TODAVIA parece que fue ayer cuando nosotros, los de la otra generación, estacionábamos el automóvil en alguna de las callejuelas típicas de Santa María de Guido y esperábamos el camión o decidíamos caminar por la llanura, entre hondonadas con cuevas, matorrales, arboledas, flores, lodo y represas que reflejaban la profundidad azul del cielo, el paso fugaz de las nubes aglomeradas y rizadas (a veces plomadas, en ocasiones blancas) y las siluetas de los pinos. Olía a tierra mojada, a vegetación, a naturaleza, a vida.
Entonces caminábamos, mientras recordábamos, por platicas de los ejidatarios, que el paraje por el que andábamos, al que se refiere el significado de origen purépecha, Guayangareo, “loma larga y achatada”, posee un sistema de cuevas e incluso agua subterránea.

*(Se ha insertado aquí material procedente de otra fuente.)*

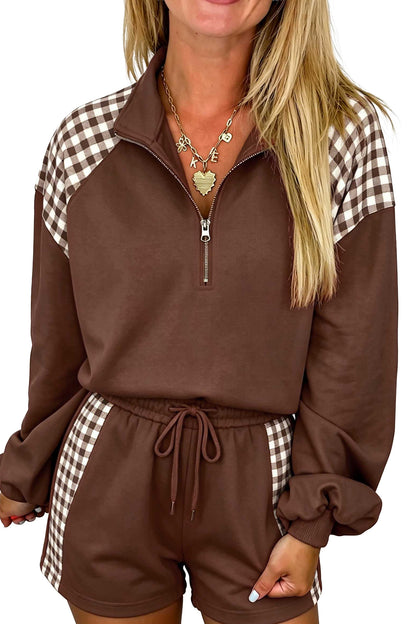 Bright Green Plaid Patchwork Half Zip Pullover Drawstring Short Set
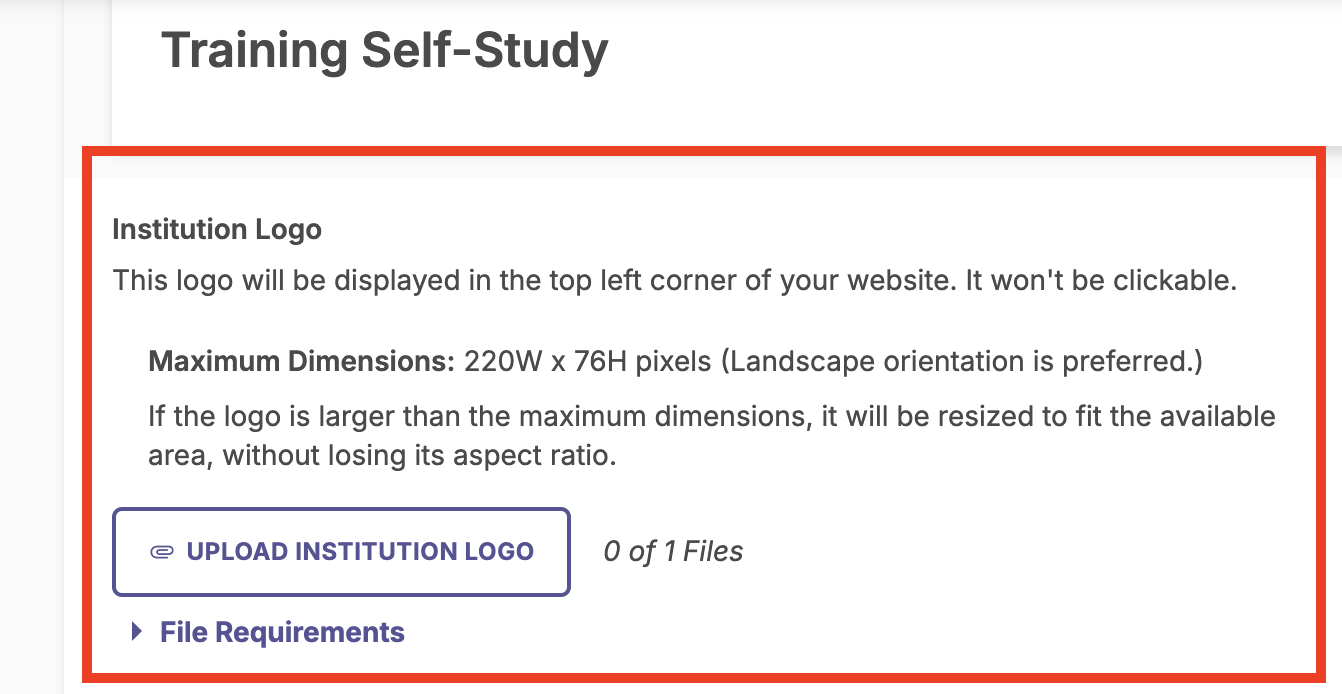 View of Upload Institution Logo button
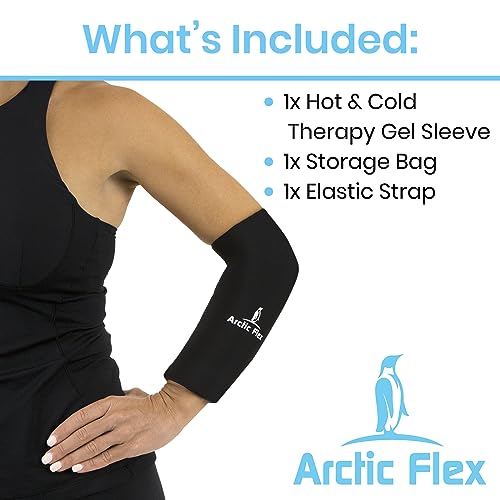 Arctic Flex Ice Sleeve for Knee, Elbow, Arm - Hot & Cold Freeze Pack Wrap for Tennis Pain Relief, Tendonitis - Gel Compression Brace for Injuries - Therapy Compress - Reusable, 360 Coverage - size: Large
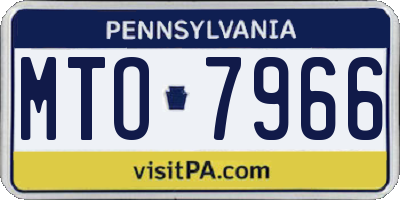PA license plate MTO7966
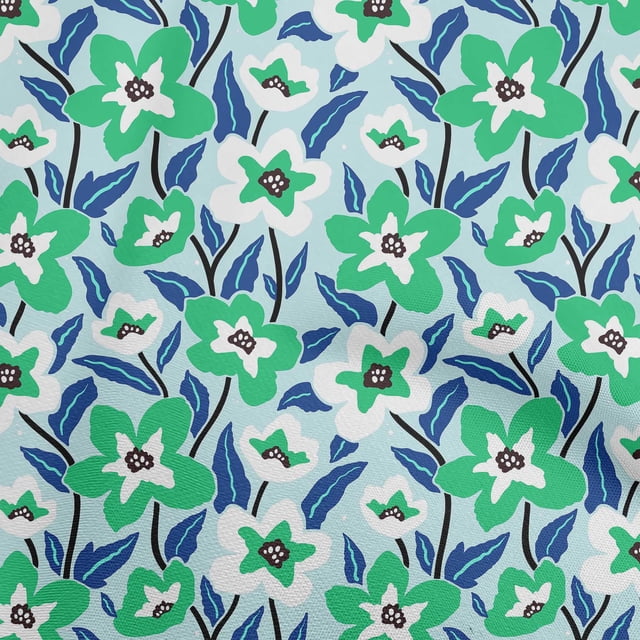 oneOone Viscose Jersey Sky Blue Fabric Florals Craft Projects Decor Fabric Printed By The Yard 60 Inch Wide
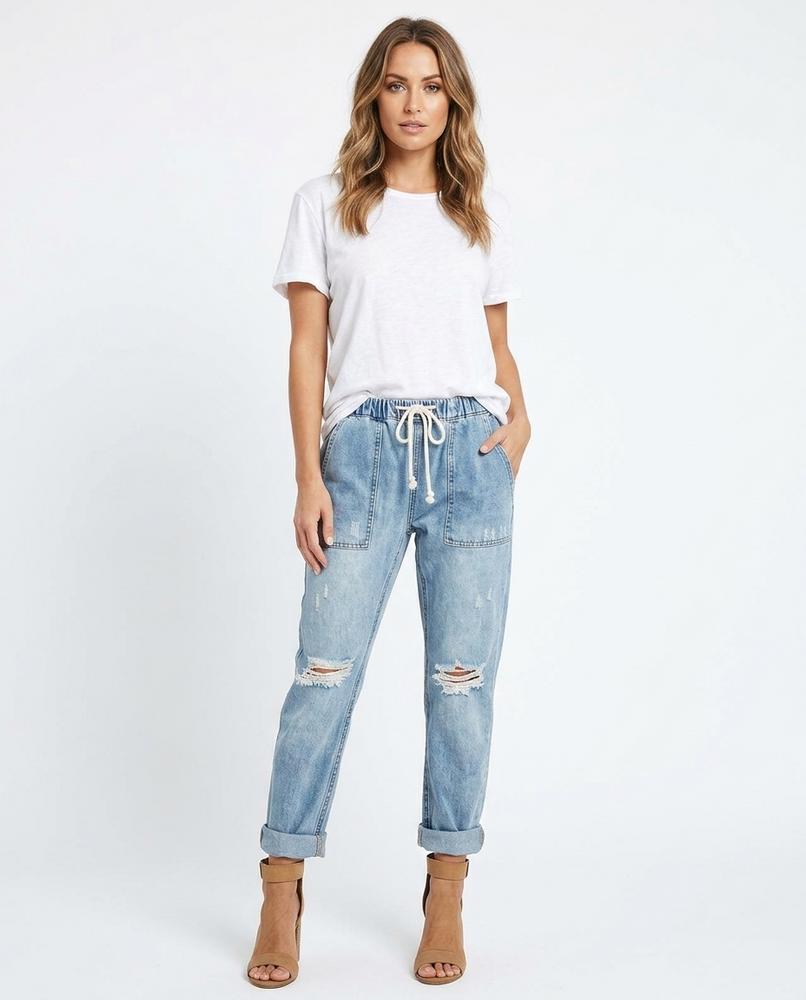 Heidi Outlet - Veren | Zerrissene Gewaschene Hose Damen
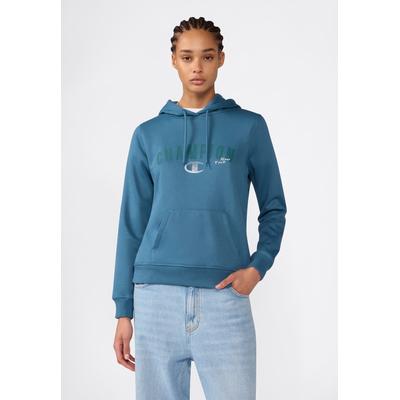 Kapuzensweatshirt CHAMPION "SPORTWEAR HOODIE Slim Fit", Damen, Gr. XS, blau (idt), Obermaterial: 55% Baumwolle, 45% Polyester, Sweatshirts, mit sportlicher Optik, körpernahe Slim-Fit-Passform, moderner Schnitt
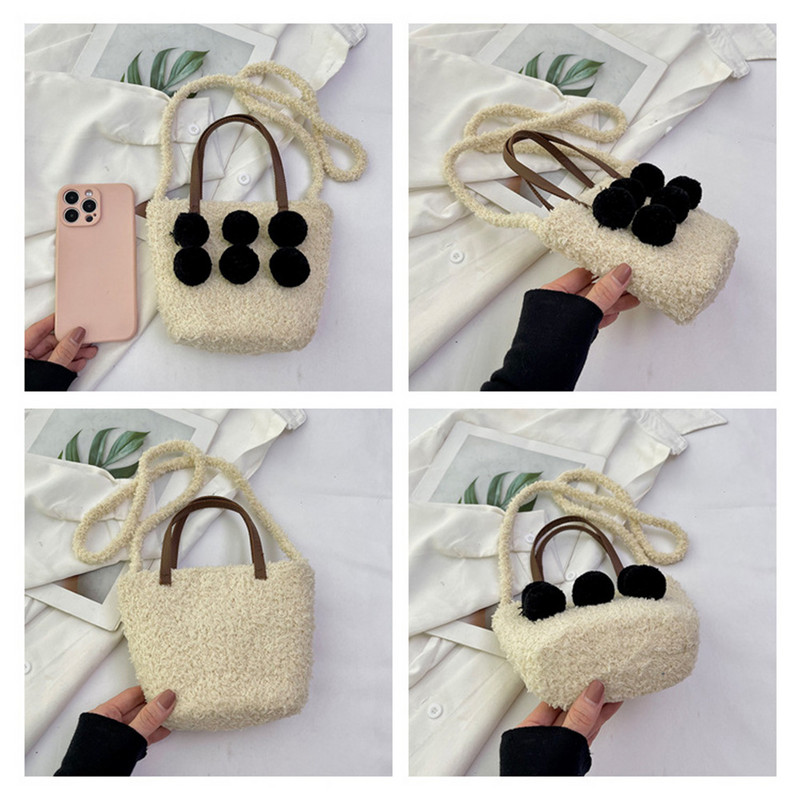 Geantă de mână pufoasă pentru femei Genți tip găleată din pluș, ușoare, pufoase, cu geantă de petrecere a timpului liber pentru fete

Uno de ellos, ya de edad mayor en la segunda mitad de la década de los 80´s, en el intenso, turbulento e inolvidable siglo XX, a quien conocimos antes de nuestras excursiones, llevaba una espada colonial que, aseguraba, un día lejano de su infancia descubrió en las entrañas ya referidas , donde relataba la tradición oral la presencia se túneles y galerías (algunos con agua), que, incluso, conectaban ciertas fincas sacras del centro virreinal de Morelia. Todo quedaba en conversaciones en recuerdos, en leyendas.